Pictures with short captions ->
*** Begin section ***
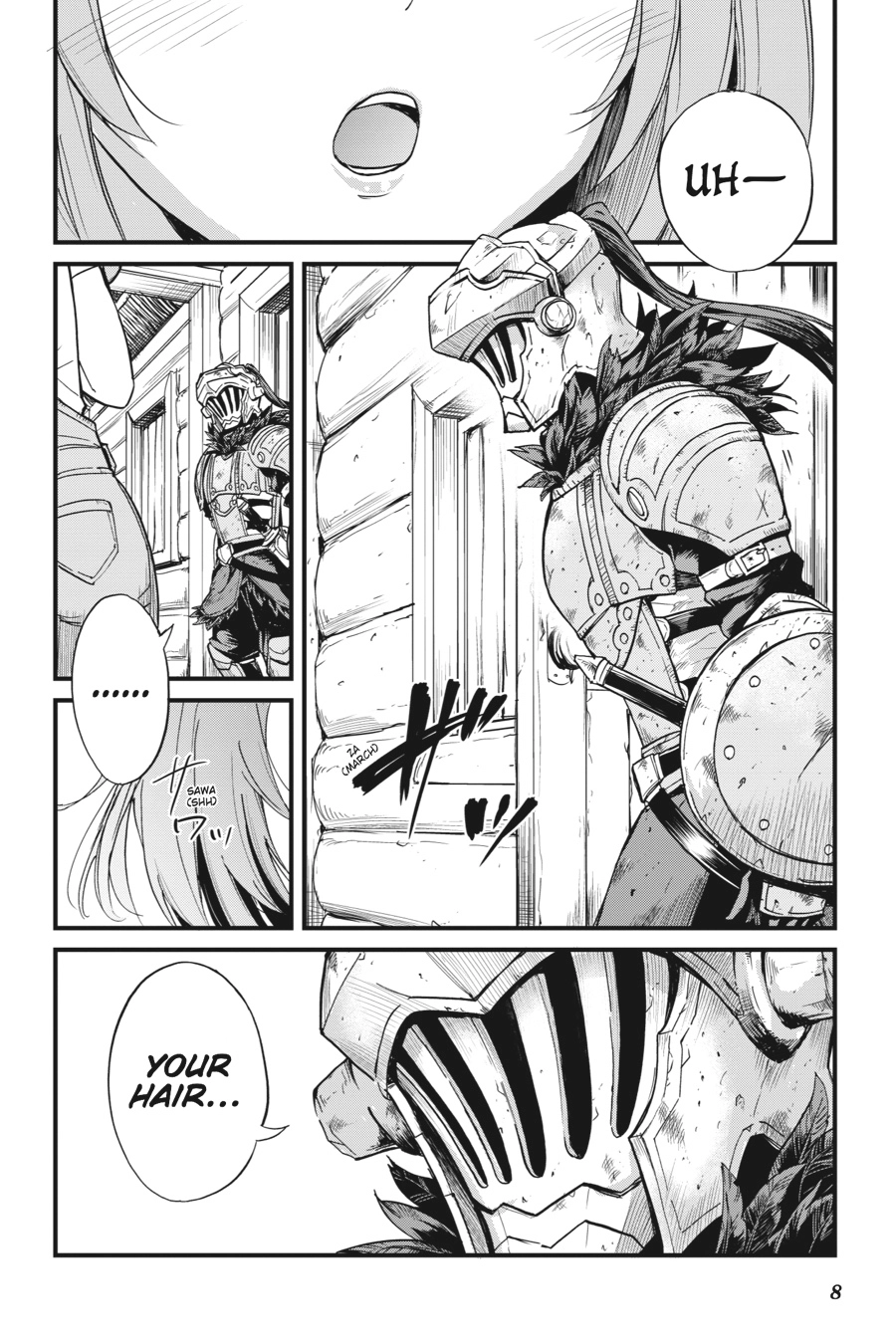 MANGA Chapter 20.5 page 9 - 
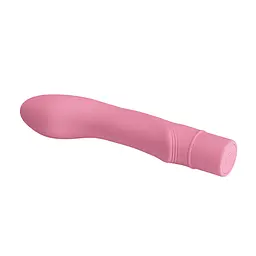 Вібратор - Pretty Love Ira Vibrator Light Pink - мініатюра 6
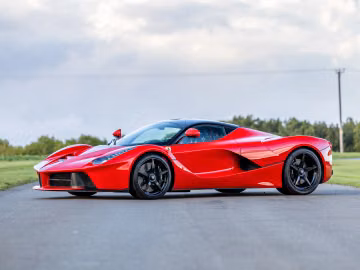 Ferrari LaFerrari, 2014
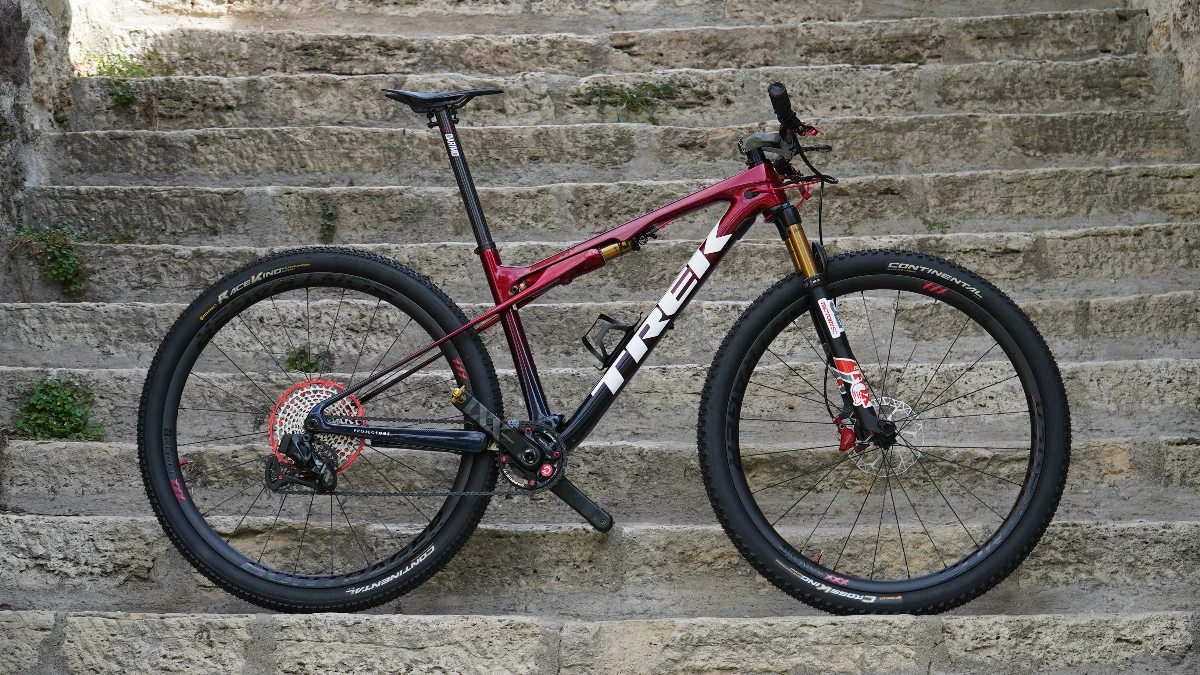 Trek Supercaliber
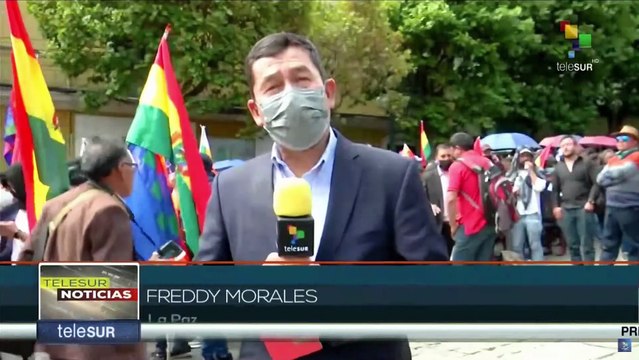 Bolivia: Pdte. Luis Arce resalta logros económicos y sociales de su gestión gubernamental
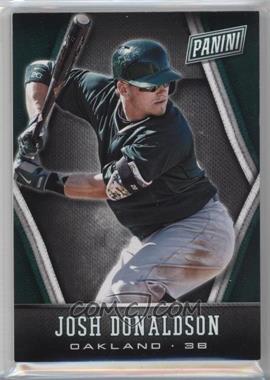 2014 Panini National Convention - National Rookies Baseball - Thick Stock #5 - Josh Donaldson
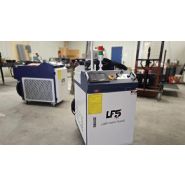 Poste de soudure laser 3-en-1 // 3000W avec refroidissement liquide - 20m de fibre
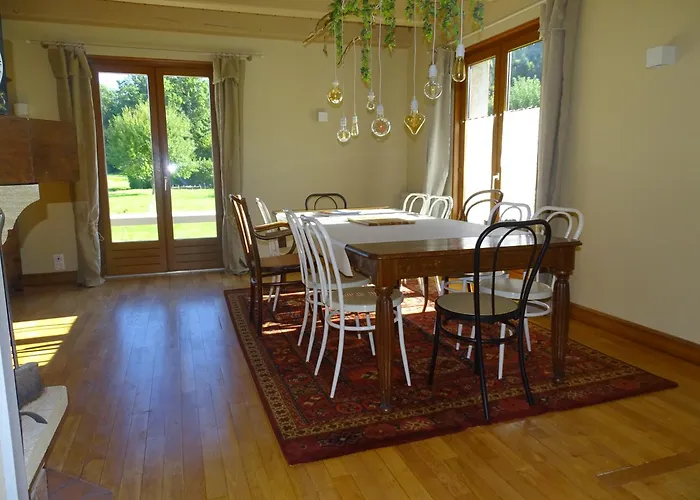 Nouveau, Rdvosges 5 Chambres, Jardin, Calme, Proche Gerardmer *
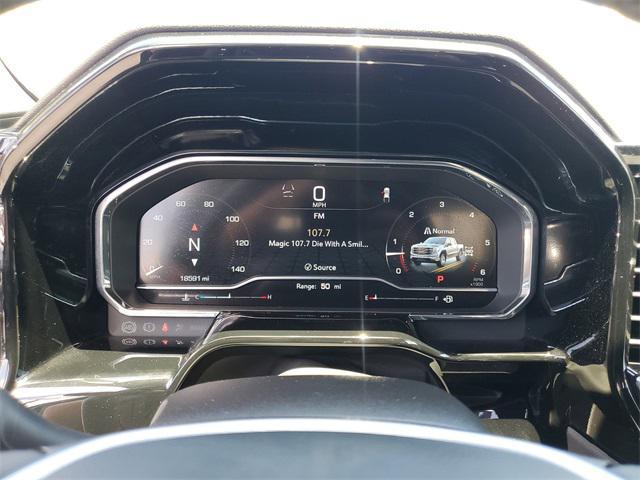 Photo of 2023 Onyx Black GMC Sierra 1500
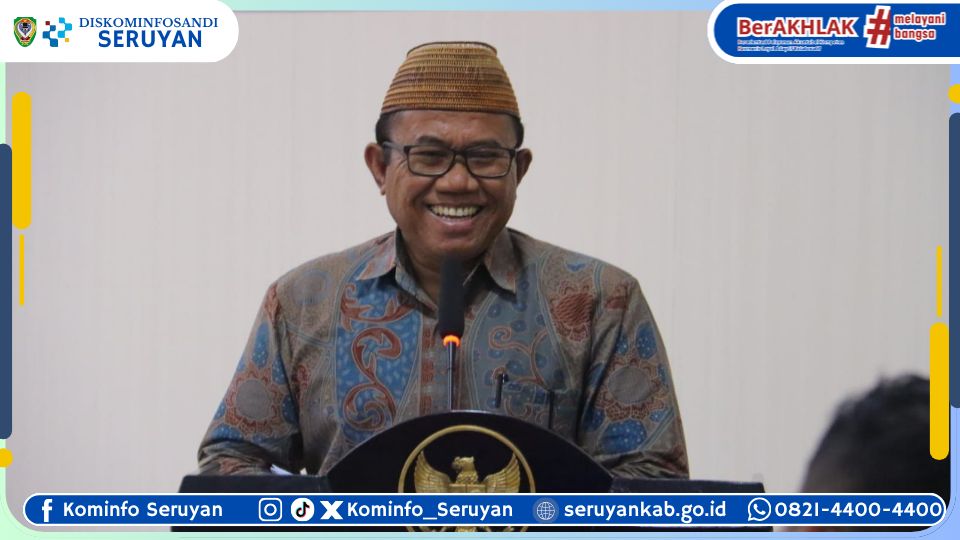 Apresiasi Duta GenRe Seruyan 2025: Wujudkan Remaja Sehat, Berkarakter, dan Siap Menyongsong Indonesia Emas 2045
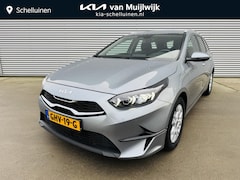Kia Cee'd Sportswagon - Ceed 1.5 T-GDi DynamicLine Trekhaak Afneembaar | 1210kg trekgewicht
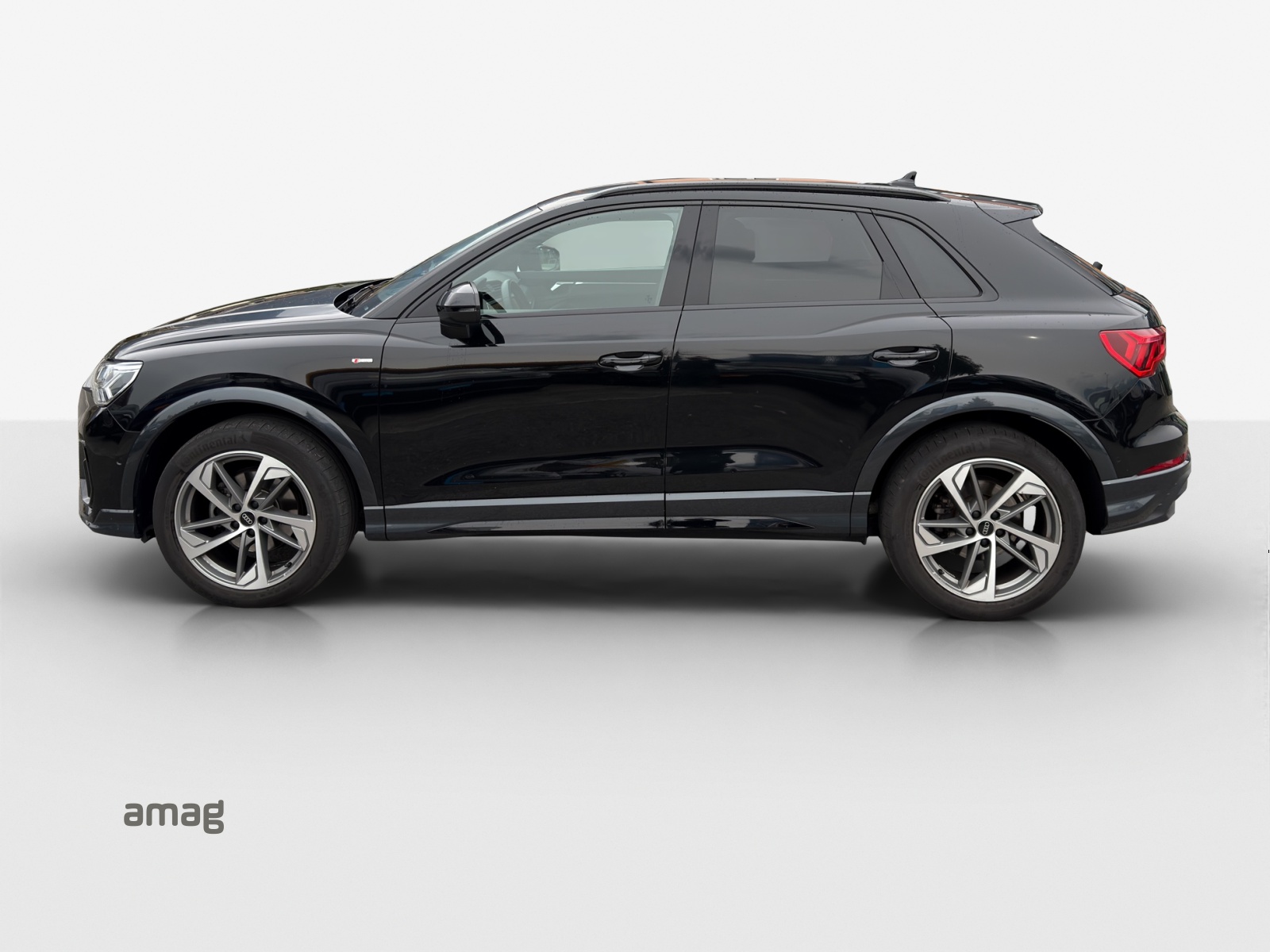 Audi Q3 - Bild folgt... 1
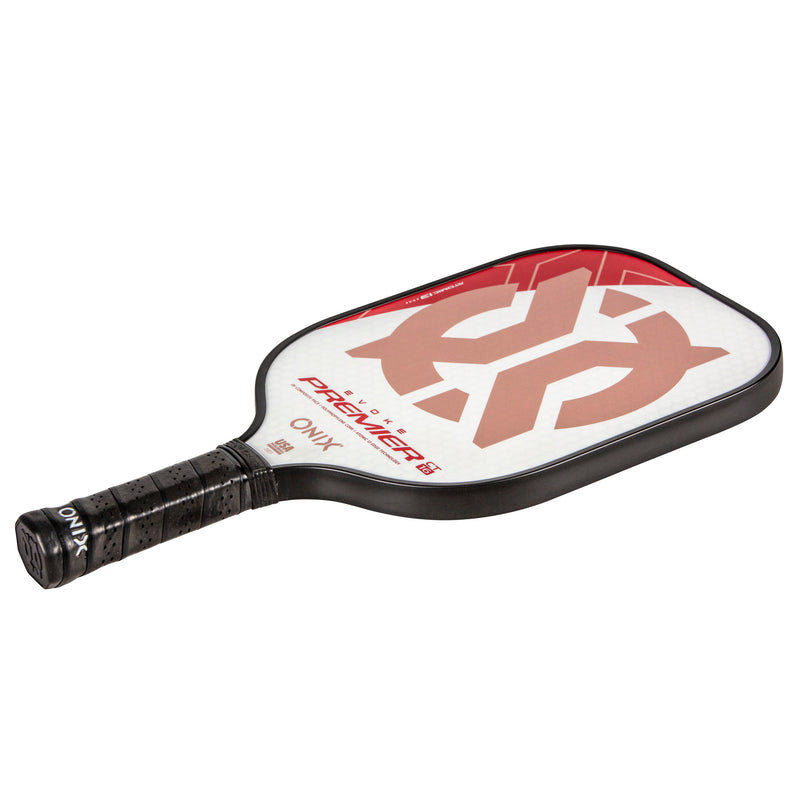 ONIX Red Ct-16 Evoke Premier Pickleball Paddles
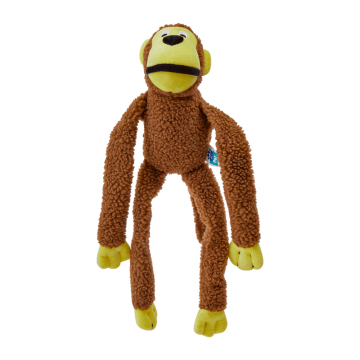Brinquedo Macaco de Pelúcia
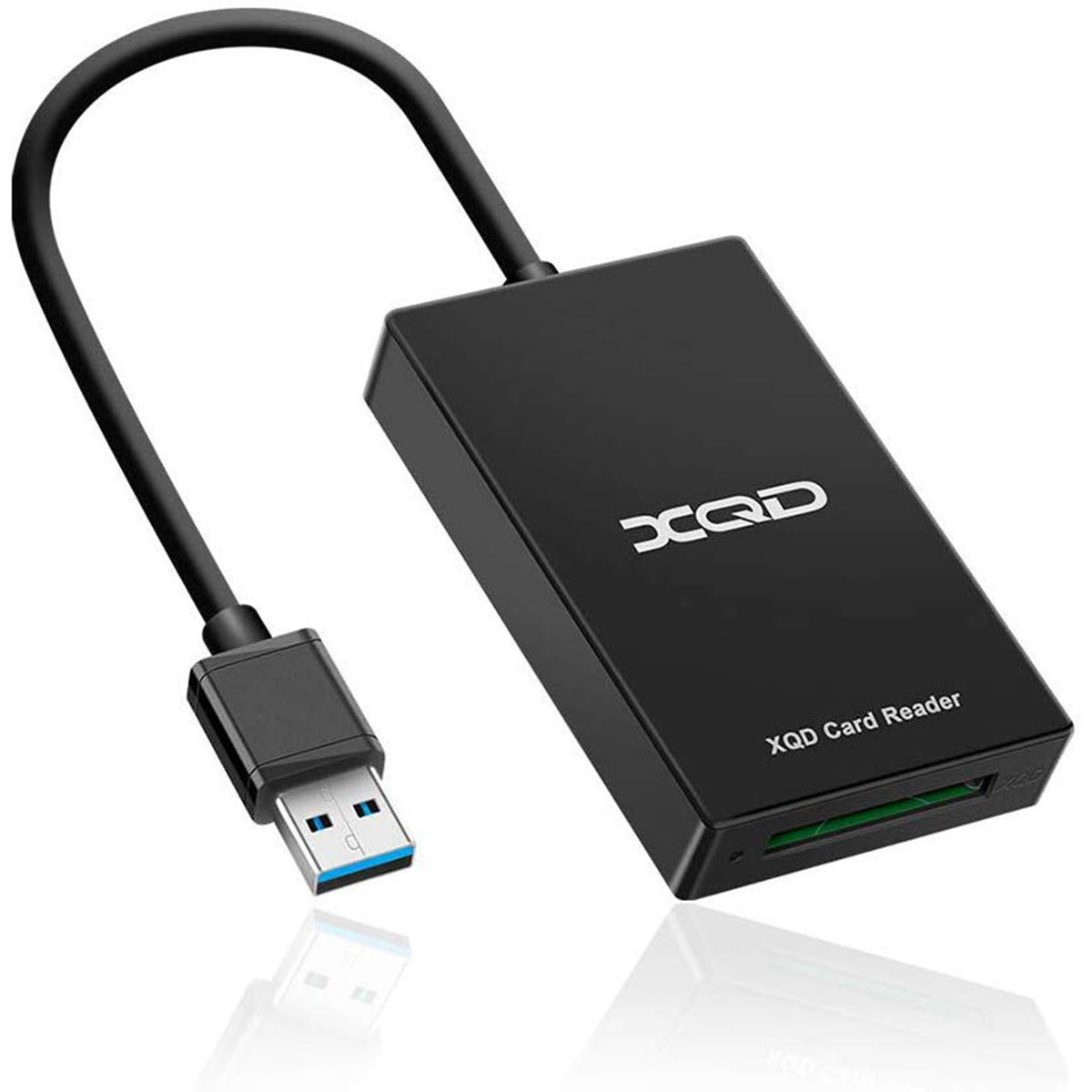 Rocketek XQD Card Adapter USB3.0 Single Card Reader
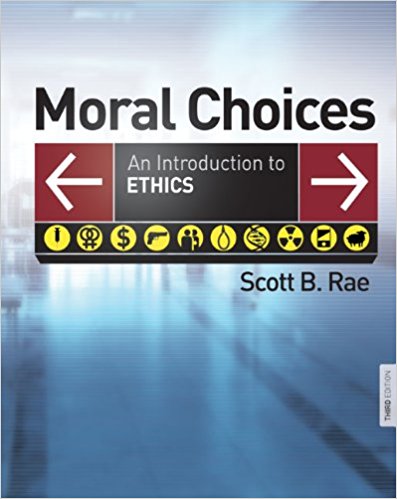 Moral Choices: An Introduction to Ethics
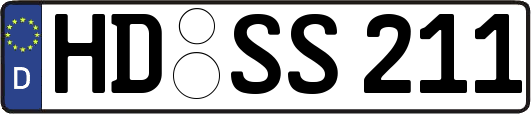 HD-SS211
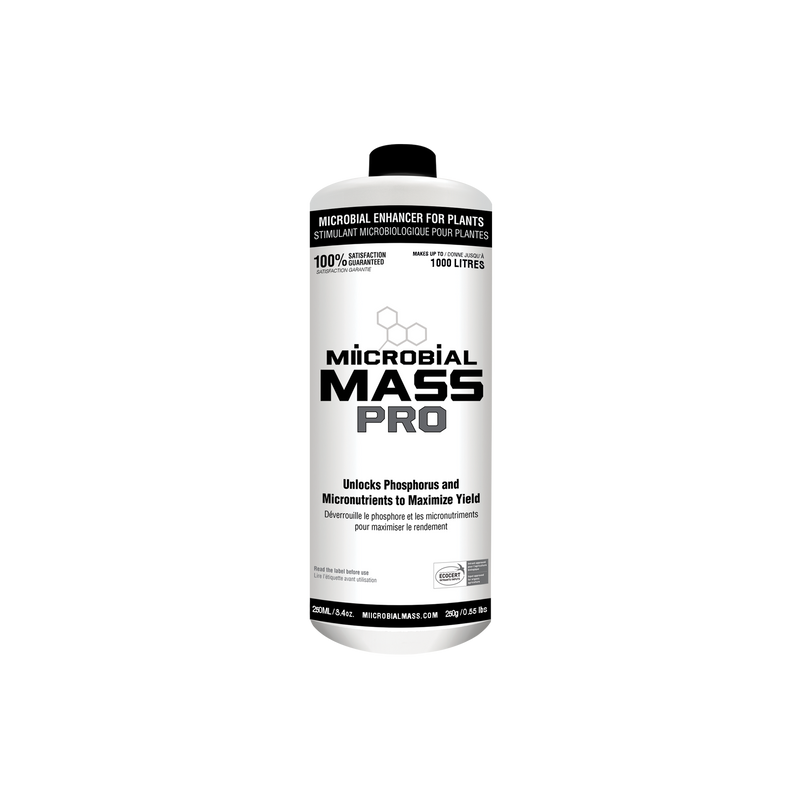 Miicrobial Mass Pro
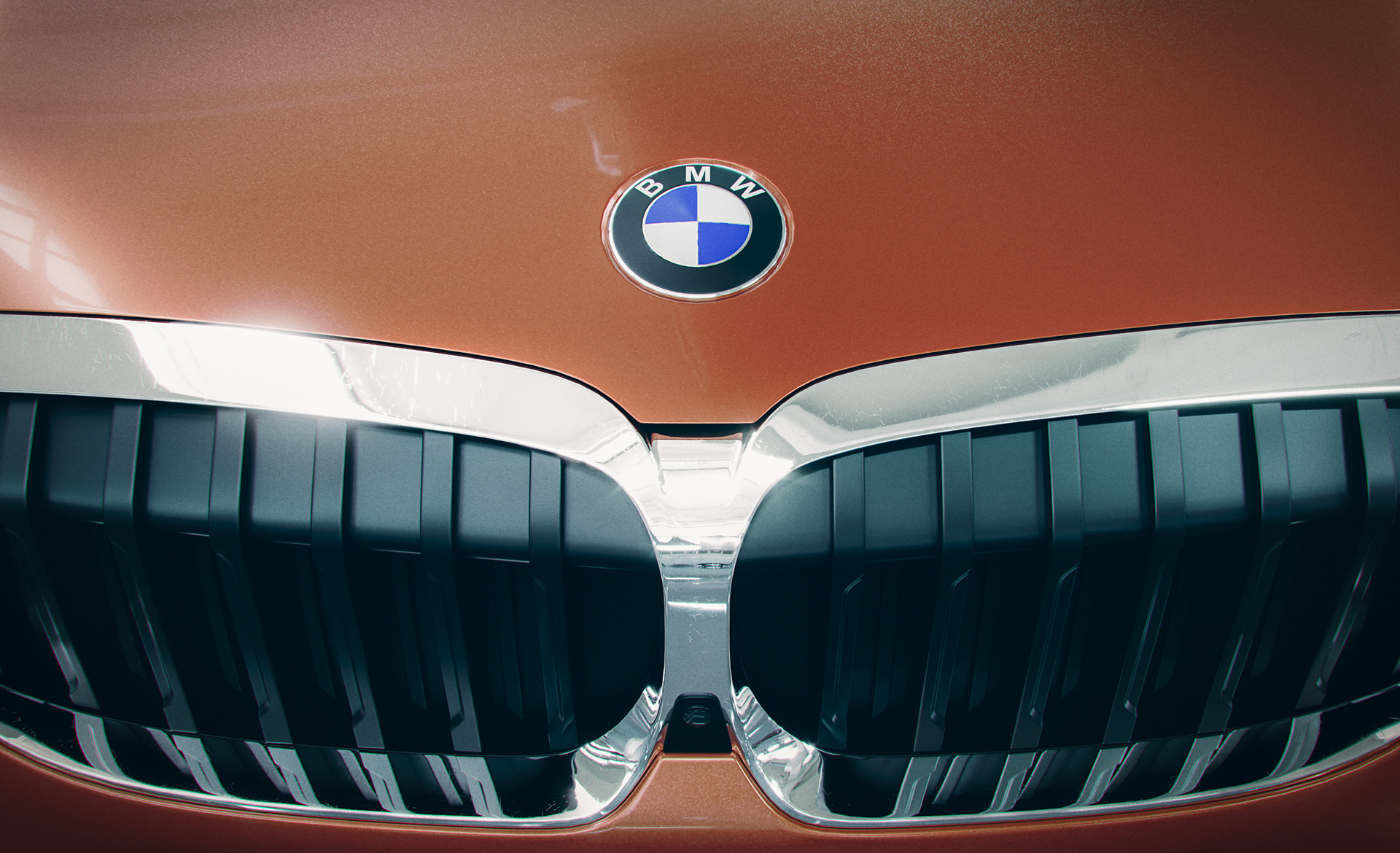 BMW 3 Series — view 1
*** End section ***
Your answer should be the exact lines above from the one containing "Apresiasi Duta GenRe" through the one containing "Miicrobial Mass Pro", with both end lines kept and the pictures removed, please.

Result of this exercise ->
 Apresiasi Duta GenRe Seruyan 2025: Wujudkan Remaja Sehat, Berkarakter, dan Siap Menyongsong Indonesia Emas 2045
Kia Cee'd Sportswagon - Ceed 1.5 T-GDi DynamicLine Trekhaak Afneembaar | 1210kg trekgewicht
 Audi Q3 - Bild folgt... 1
 ONIX Red Ct-16 Evoke Premier Pickleball Paddles
Brinquedo Macaco de Pelúcia
 Rocketek XQD Card Adapter USB3.0 Single Card Reader
 Moral Choices: An Introduction to Ethics
 HD-SS211
 Miicrobial Mass Pro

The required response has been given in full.